-- TASK DATA follows --

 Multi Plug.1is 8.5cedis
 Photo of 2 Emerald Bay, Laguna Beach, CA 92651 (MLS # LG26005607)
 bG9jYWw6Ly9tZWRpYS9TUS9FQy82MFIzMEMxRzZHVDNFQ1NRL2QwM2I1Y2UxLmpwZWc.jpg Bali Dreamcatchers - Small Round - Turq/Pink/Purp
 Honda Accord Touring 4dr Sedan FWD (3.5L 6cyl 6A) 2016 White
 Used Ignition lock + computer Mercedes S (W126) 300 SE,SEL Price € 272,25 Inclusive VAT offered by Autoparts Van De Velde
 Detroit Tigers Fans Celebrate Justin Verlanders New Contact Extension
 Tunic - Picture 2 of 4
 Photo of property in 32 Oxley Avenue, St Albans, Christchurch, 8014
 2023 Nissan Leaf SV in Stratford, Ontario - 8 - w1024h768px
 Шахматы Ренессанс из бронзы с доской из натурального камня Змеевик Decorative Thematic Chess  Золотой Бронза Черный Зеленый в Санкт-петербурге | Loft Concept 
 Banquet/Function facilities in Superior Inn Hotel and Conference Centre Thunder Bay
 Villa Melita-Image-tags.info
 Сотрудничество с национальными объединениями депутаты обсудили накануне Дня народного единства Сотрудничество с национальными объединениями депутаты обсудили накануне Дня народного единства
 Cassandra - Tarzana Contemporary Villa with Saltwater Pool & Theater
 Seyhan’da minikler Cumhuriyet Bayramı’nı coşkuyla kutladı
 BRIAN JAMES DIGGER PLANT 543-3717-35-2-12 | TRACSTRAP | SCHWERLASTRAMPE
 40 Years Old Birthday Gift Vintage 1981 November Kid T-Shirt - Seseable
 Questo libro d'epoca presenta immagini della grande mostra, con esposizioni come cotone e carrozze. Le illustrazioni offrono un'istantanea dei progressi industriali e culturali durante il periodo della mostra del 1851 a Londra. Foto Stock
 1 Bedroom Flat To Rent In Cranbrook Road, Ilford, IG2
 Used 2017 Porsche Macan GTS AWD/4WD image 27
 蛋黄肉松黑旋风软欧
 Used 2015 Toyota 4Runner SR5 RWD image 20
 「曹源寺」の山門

-- TASK DATA concluded --

TASK TO COMPLETE:
Search the listing above for the lines with "Honda Accord Touring" and "Villa Melita-Image-tags.info", then output those lines and all lines between them exactly.

RESPONSE TO THIS TASK:
 Honda Accord Touring 4dr Sedan FWD (3.5L 6cyl 6A) 2016 White
 Used Ignition lock + computer Mercedes S (W126) 300 SE,SEL Price € 272,25 Inclusive VAT offered by Autoparts Van De Velde
 Detroit Tigers Fans Celebrate Justin Verlanders New Contact Extension
 Tunic - Picture 2 of 4
 Photo of property in 32 Oxley Avenue, St Albans, Christchurch, 8014
 2023 Nissan Leaf SV in Stratford, Ontario - 8 - w1024h768px
 Шахматы Ренессанс из бронзы с доской из натурального камня Змеевик Decorative Thematic Chess  Золотой Бронза Черный Зеленый в Санкт-петербурге | Loft Concept 
 Banquet/Function facilities in Superior Inn Hotel and Conference Centre Thunder Bay
 Villa Melita-Image-tags.info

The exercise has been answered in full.